While Country of Origin Labeling (COOL) is not a new idea, there still seems to be a lot of questions about the rule. Looking at the past, from WTO challenges to changes in the law, it’s easy to see why that’s the case.
In a recent Northern Ag Network interview, R-CALF USA’s Chief Executive Officer Bill Bullard explained the current labeling requirements:
- If it is a muscle cut of meat, the label must show where the animal was born, raised, and slaughtered.
- If it is a ground beef product, the label must include all of the countries where the ingredients may have been sourced within the previous 60 days.
If your communications training leads you to cringe at one of the words above, you’re not alone.
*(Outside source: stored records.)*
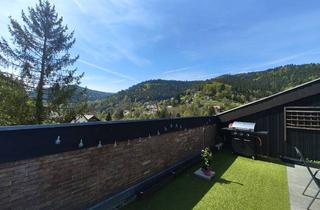 Wohnung kaufen in 75323 Bad Wildbad, Helle 2-Zimmer-Wohnung mit großer Terrasse in Bad Wildbad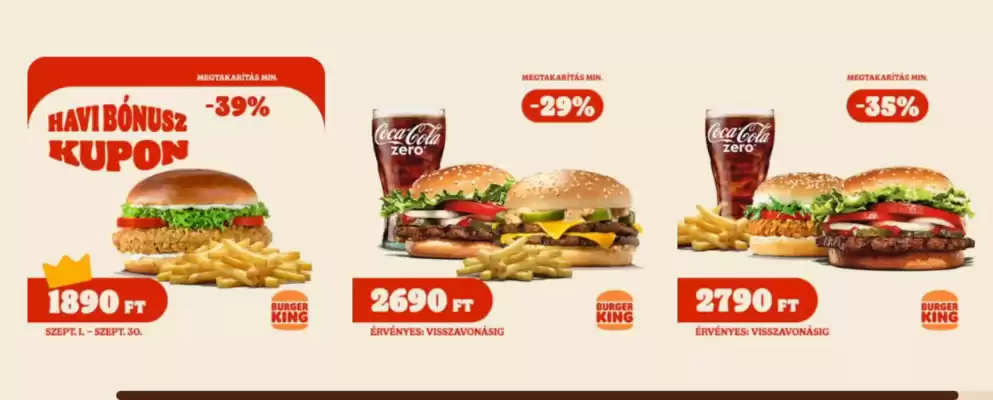 Burger King akciós újság (érvényes eddig: 18-02)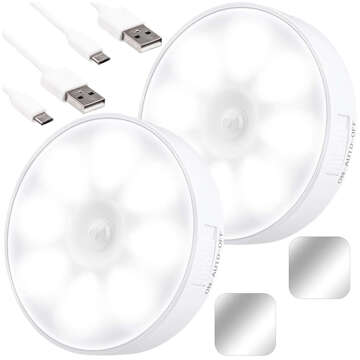 2x Lampa LED pohybový senzor soumrak noční lampa Alogy Sensor Light Bezdrátové osvětlení nábytku Bílé světlo 6000k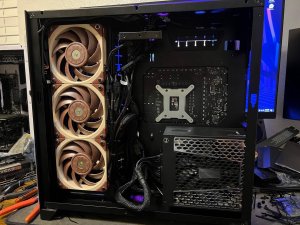 Seasonic Prime PSU installed in a custom build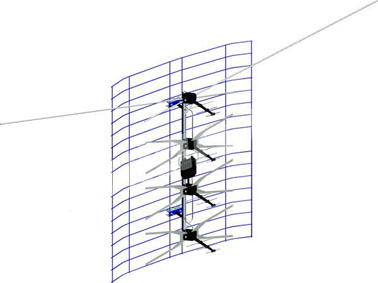 ант TV\МВ-ДМВ\\\\РЕШЕТКА  без усилителя --- Антенны телевизионные
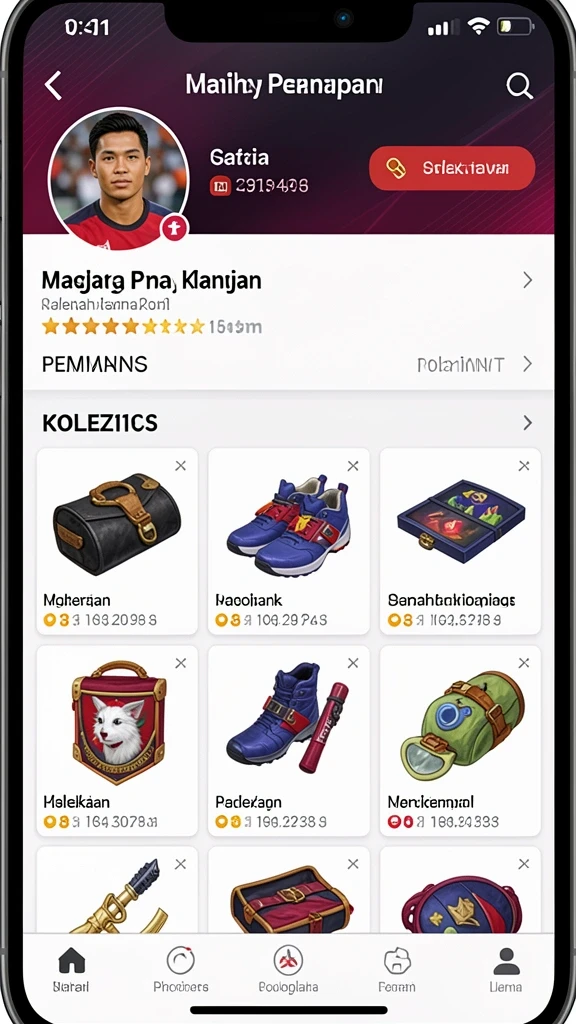 Banyak pilihan game dengan grafis yang memukau.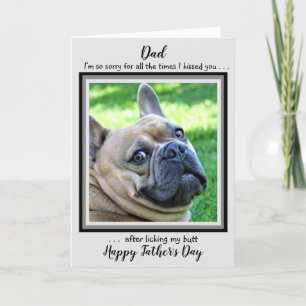 Funny Dog Vater - Happy Vatertag - Vater Hund Foto Karte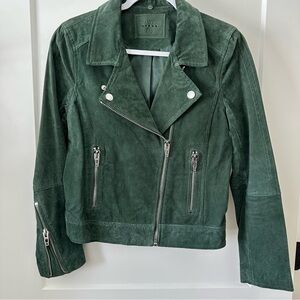 Blank NYC Genuine Leather Suede Moto
Jacket - Forest Green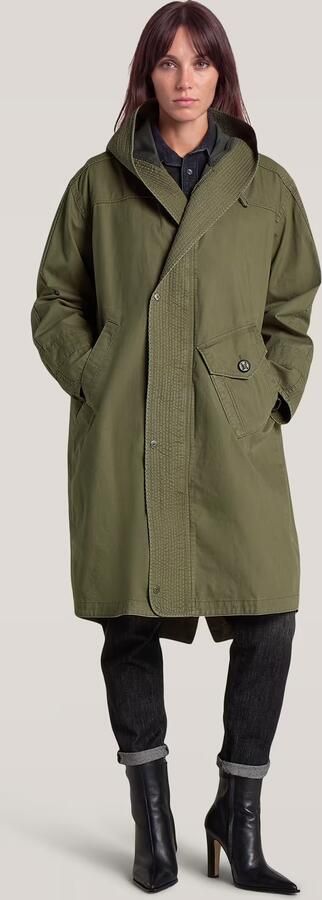 G-Star RAW Fishtail Parka Bruin Dames - Foto 6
According to Merriam-Webster.com, “slaughter” has two definitions:
- the act of killing animals for their meat
- the violent killing of a large number of people
Yes, it is safe to say that “slaughter” is not the prettiest word. In a world of increased emphasis on food labeling, is that really the message we want on a package of our product?
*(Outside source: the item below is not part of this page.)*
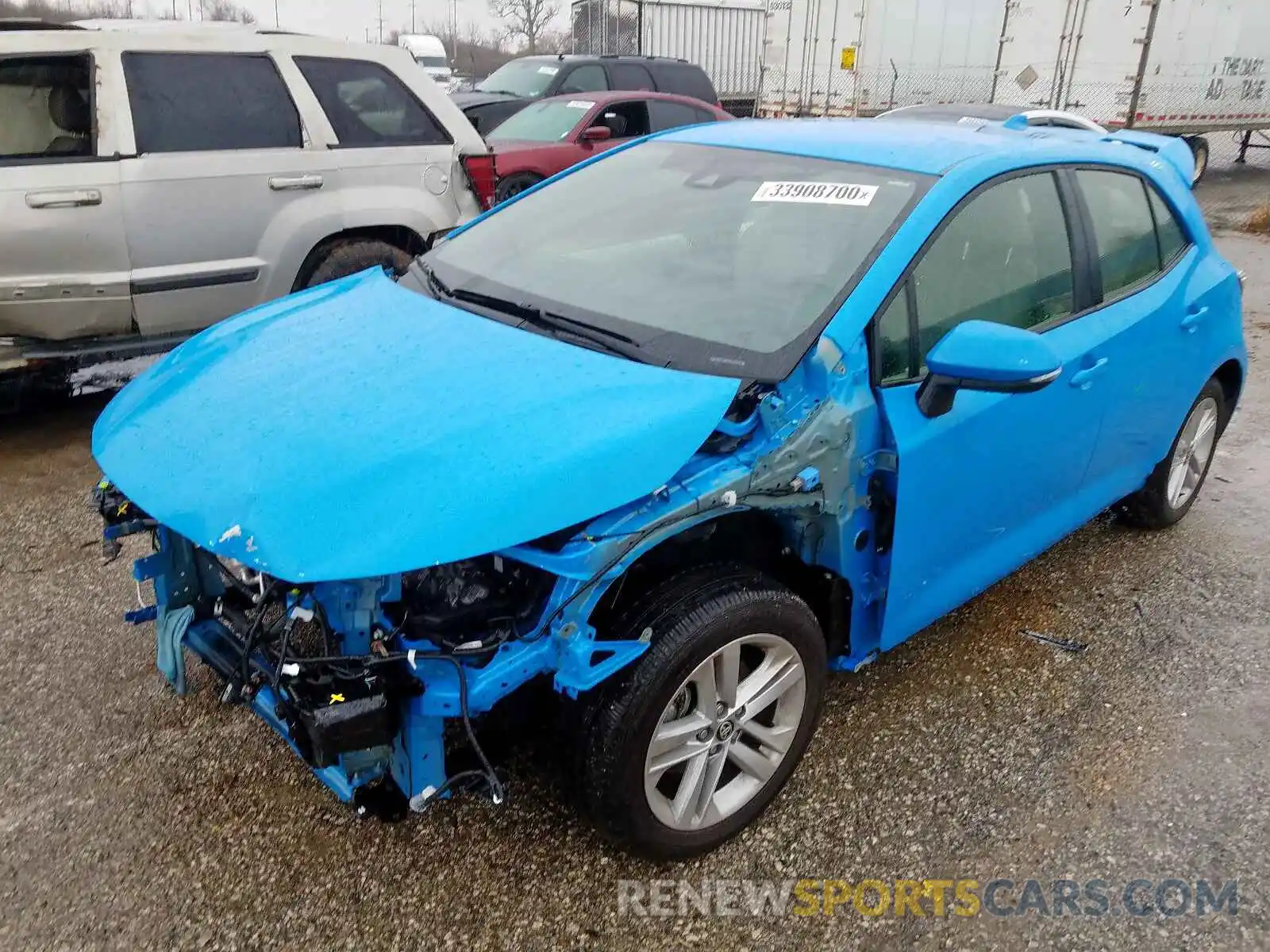 2 Photograph of a damaged car JTNK4RBE8K3031598 TOYOTA COROLLA 2019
“The U.S. Department of Agriculture, in its rulemaking,” says Bullard, “has authorized retailers to use the word ‘harvested’ in lieu of slaughter.”
Again according to Merriam-Webster.com, “harvest” is a much more palatable description:
- the season for gathering in agricultural crops
- the act or process of gathering in a crop
- a mature crop (as of grain or fruit)
- the quantity of a natural product gathered in a single season
- an accumulated store or productive result
An appeal of the most recent WTO ruling against Country of Origin Labeling has been filed by the United States. According to Bullard, oral arguments are expected to be heard in February with a WTO decision to come early in 2015.